-------- Data extracts
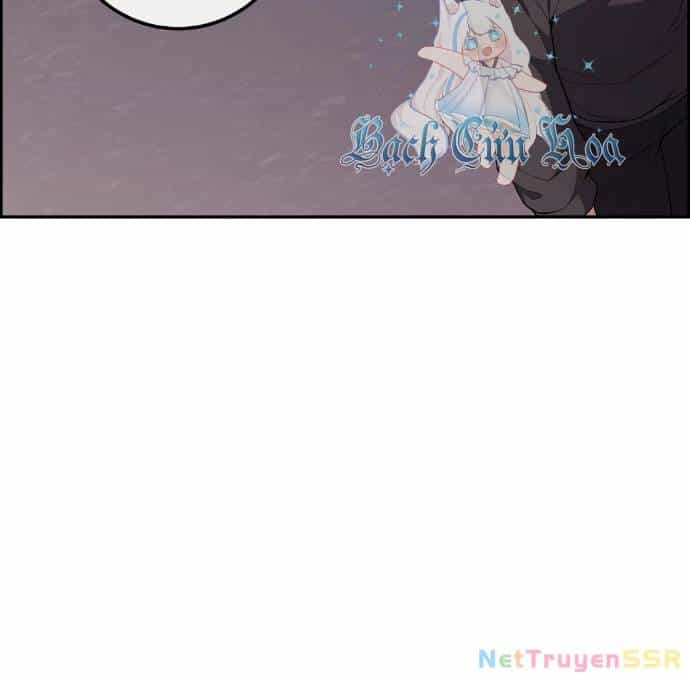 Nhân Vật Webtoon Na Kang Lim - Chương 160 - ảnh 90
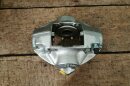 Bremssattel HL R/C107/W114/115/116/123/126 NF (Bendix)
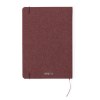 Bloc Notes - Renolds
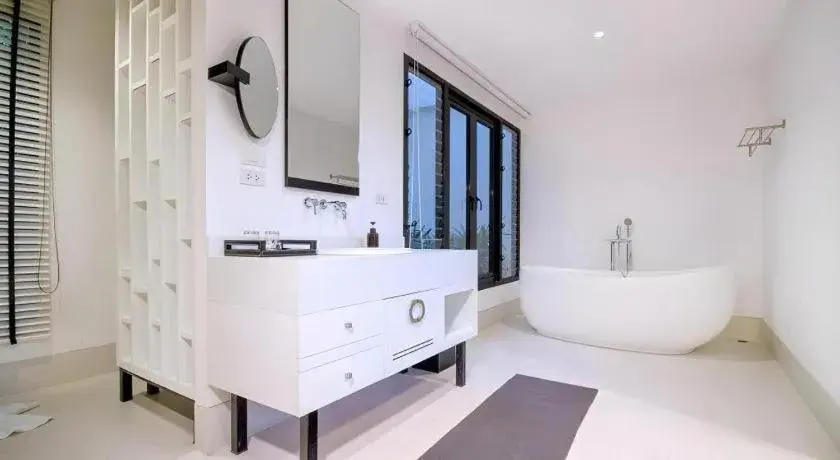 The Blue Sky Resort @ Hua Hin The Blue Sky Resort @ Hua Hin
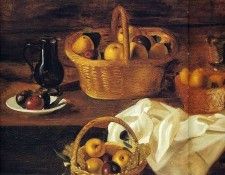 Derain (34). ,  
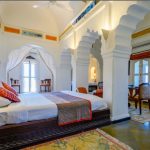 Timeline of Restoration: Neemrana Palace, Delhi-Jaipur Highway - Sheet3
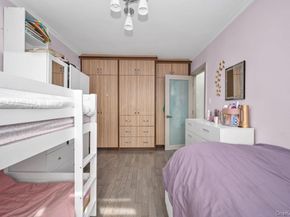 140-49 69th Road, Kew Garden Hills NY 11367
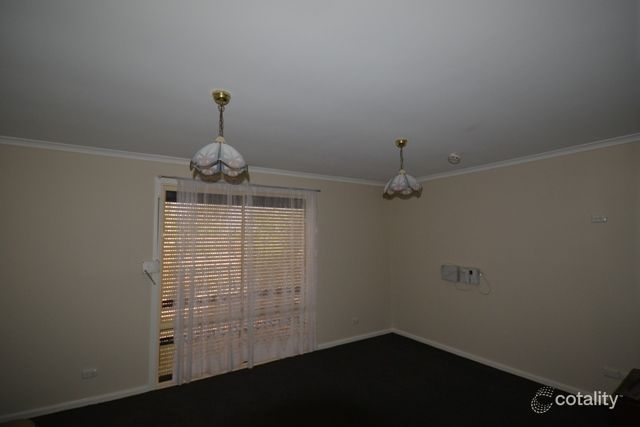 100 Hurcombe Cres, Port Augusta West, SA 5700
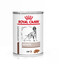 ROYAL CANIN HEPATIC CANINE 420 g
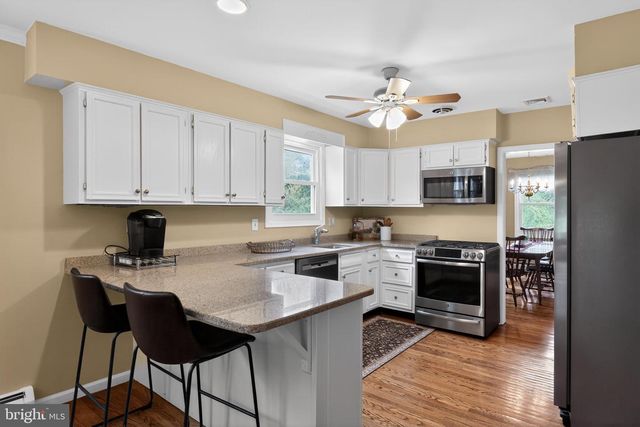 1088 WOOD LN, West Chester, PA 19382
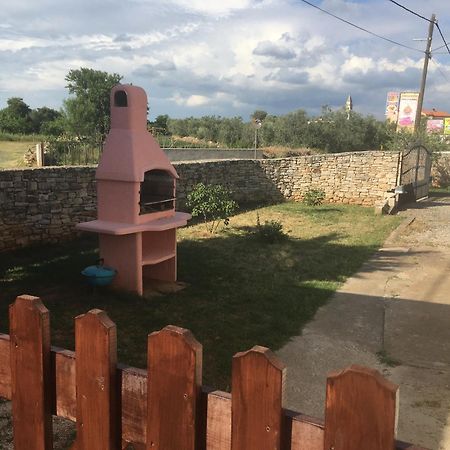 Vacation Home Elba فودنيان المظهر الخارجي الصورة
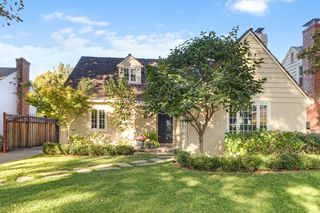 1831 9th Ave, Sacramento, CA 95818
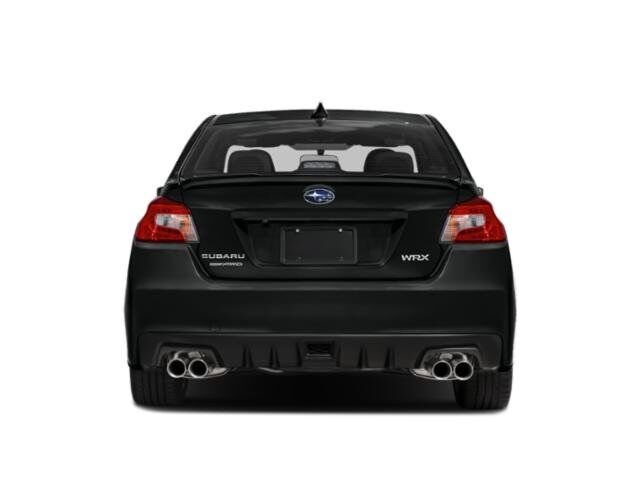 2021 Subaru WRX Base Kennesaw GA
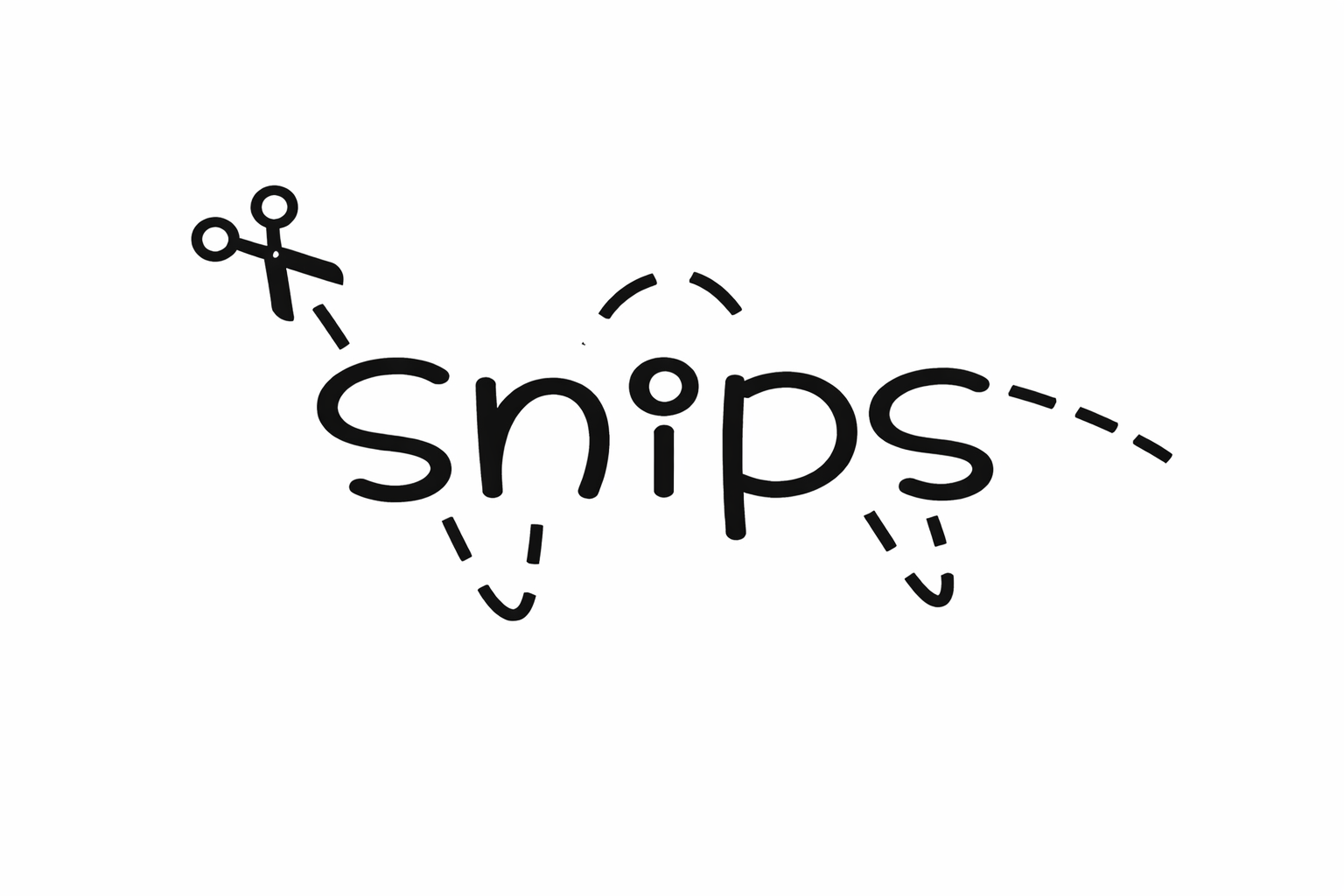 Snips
----------------
Task prompt: Leaving the pictures aside, copy exactly and only the lines from the one holding "ROYAL CANIN HEPATIC CANINE 420 g" through the final line of the data, both ends kept.

Solution for this problem:
 ROYAL CANIN HEPATIC CANINE 420 g
 1088 WOOD LN, West Chester, PA 19382
 Vacation Home Elba فودنيان المظهر الخارجي الصورة
 1831 9th Ave, Sacramento, CA 95818
 2021 Subaru WRX Base Kennesaw GA
 Snips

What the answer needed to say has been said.